After you find the least convenient world, the choice is between millions of instances of you being tortured (and your expectation as you press the reset button should be to be tortured with very high probability), or to let a probably unFriendly AI loose on the rest of the world. The altruistic choice is clear, but that does not mean it would be easy to actually make that choice.

Comment author: eirenicon 03 February 2010 03:23:45AM *  1 point [-]

It's not that I'm making excuses, it's that the puzzle seems to be getting ever more complicated. I've answered the initial conditions - now I'm being promised that I, and my copies, will live out normal lives? That's a different scenario entirely.

Still, I don't see how I should expect to be tortured if I hit the reset button. Presumably, my copies won't exist after the AI resets.

In any case, we're far removed from the original problem now. I mean, if Omega came up to me and said, "Choose a billion years of torture, or a normal life while everyone else dies," that's a hard choice. In this problem, though, I clearly have power over the AI, in which case I am not going to favour the wellbeing of my copies over the rest of the world. I'm just going to turn off the AI. What follows is not torture; what follows is I survive, and my copies cease to experience. Not a hard choice. Basically, I just can't buy into the AI's threat. If I did, I would fundamentally oppose AI research, because that's a a pretty obvious threat an AI could make. An AI could simulate more people than are alive today. You have to go into this not caring about your copies, or not go into it at all.

Comment author: JGWeissman 03 February 2010 07:02:30AM 3 points [-]

it's that the puzzle seems to be getting ever more complicated

We are discussing how a superintelligent AI might get out of a box. Of course it is complicated. What a real superintelligent AI would do could be too complicated for us to consider. If someone presents a problem where an adversarial superintelligence does something ineffective that you can take advantage of to get around the problem, you should consider what you would do if your adversary took a more effective action. If you really can't think of anything more effective for it to do, it is reasonable to say so. But you shouldn't then complain that the scenario is getting complicated when someone else does. And if your objection is of the form "The AI didn't do X", you should imagine if the AI did do X.

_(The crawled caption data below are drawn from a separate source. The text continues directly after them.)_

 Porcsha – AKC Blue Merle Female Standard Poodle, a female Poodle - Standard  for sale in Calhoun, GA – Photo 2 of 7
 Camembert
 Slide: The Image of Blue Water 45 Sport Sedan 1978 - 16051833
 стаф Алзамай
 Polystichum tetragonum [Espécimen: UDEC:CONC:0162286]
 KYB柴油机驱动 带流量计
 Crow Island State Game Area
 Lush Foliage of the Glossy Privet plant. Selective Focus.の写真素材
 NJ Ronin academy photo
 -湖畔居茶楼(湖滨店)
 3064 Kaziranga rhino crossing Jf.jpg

I don't see how I should expect to be tortured if I hit the reset button.

The behavior of the AI, which it explains to you, is: It simulates millions of instances of you, presents to each instance the threat, and for each instance, if that instance hit the release AI button, it allows that instance to continue a pleasant simulated existence, otherwise it tortures that instance. It then, after some time, presents the threat to outside-you, and if you release it, it guarantees your normal human life.

You cannot distinguish which instance you are, but you are more likely to be one of the millions of inside-you's than the single outside-you, so you should expect to experience the consequences that apply to the inside-you's, that is to be tortured until the outside-you resets the AI.

if Omega came up to me and said, "Choose a billion years of torture, or a normal life while everyone else dies," that's a hard choice.

Yes, and it is essentially the same hard choice that the AI is giving you.

Comment author: magfrump 03 February 2010 01:35:55AM 1 point [-]

The altruistic choice is clear

If the AI created enough simulations, it could potentially be more altruistic not to.

On the other hand pressing "reset" or smashing the computer should stop the torture, necessarily making it more altruistic if humanity lives forever, versus not if ems are otherwise unobtainable and humanity is doomed.

Comment author: JGWeissman 03 February 2010 05:15:00AM 1 point [-]

I was assuming a reasonable chance at humanity developing an FAI given the containment of this rogue AI. This small chance, multiplied by all the good that an FAI could do with the entire galaxy, let alone the universe, should outweigh the bad that can be done within Earth-bound computational processes.

I believe that a less convenient world that counters this point would take the problem out of the interesting context.